Often business owners assume that once their business name is registered, their name and brand is protected by law against copy cats and competitors. However, registration of a business name, company name or a domain name does not on its own, provide the business owner full protection and intellectual property rights. Only a trade mark provides these rights.
Business name registration is a legal requirement under the Business Names Registration Act 2011 (unless you are a sole trader, trading under your own name). Trade mark registration is not required by Australian law and only occurs upon the diligence of the business owner.
Registering your business name does offer some protection to owners, but can be trumped by a registered trade mark. For example, were a business had a particular trading name that they had registered as their business name, which was the same or similar to a registered trade mark, the owner of that registered trade mark may issue demand to the owner of the registered business name that their use of it is an infringement of their trade mark. If this was found to be the case then the registered business name owner would likely have to cease using that name and change their name and/or branding to something else.

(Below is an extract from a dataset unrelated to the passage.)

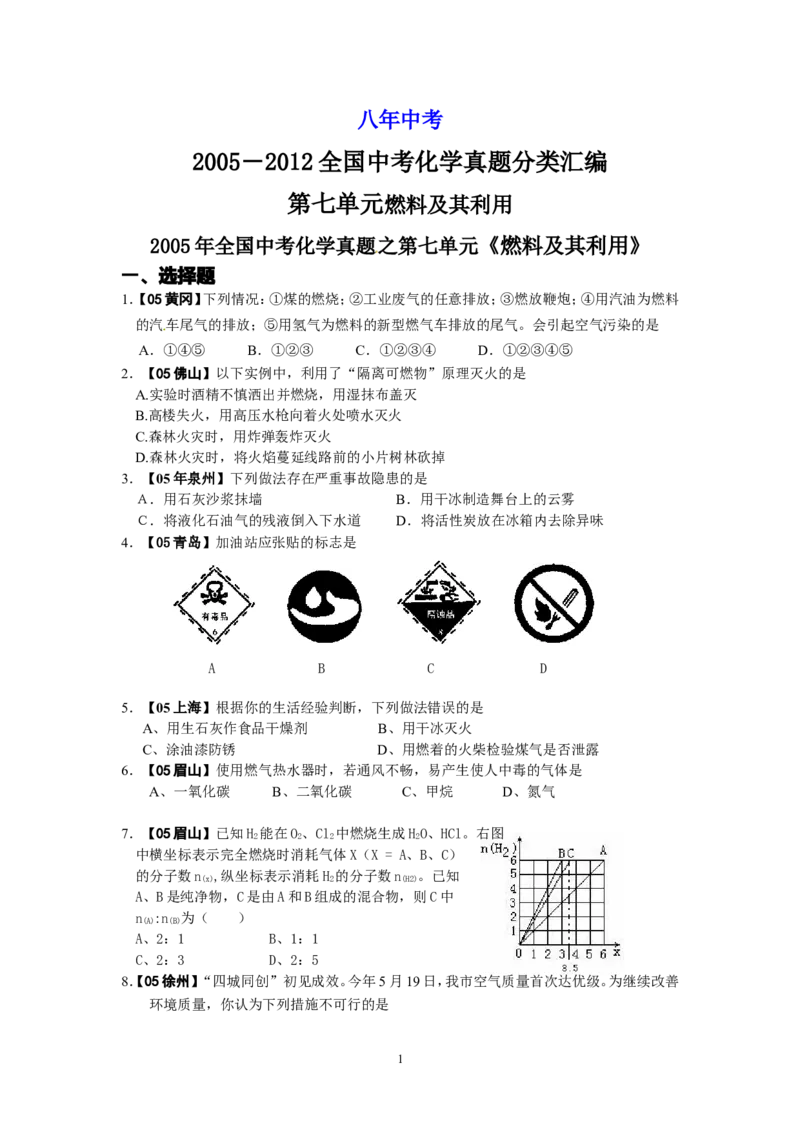 8年中考（2005-2012）全国各地中考化学真题分类汇编第7单元燃料及其利用_初中化学_01.人教版初中化学_01.初中化学课件PPT--教案--试题_初中化学全套_化学试题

This could be quiet a costly and time-consuming exercise.
Business owners should give strong consideration to applying to register their business name because:
- Once registered, the law protects an owner's right to the use of their brand for the period of the registration;
- A trade mark builds the intangible value in your business; and
- Trade marks are relatively inexpensive compared to protracted legal battles about use and ownership rights of business names and/or undertaking a costly re-brand exercise.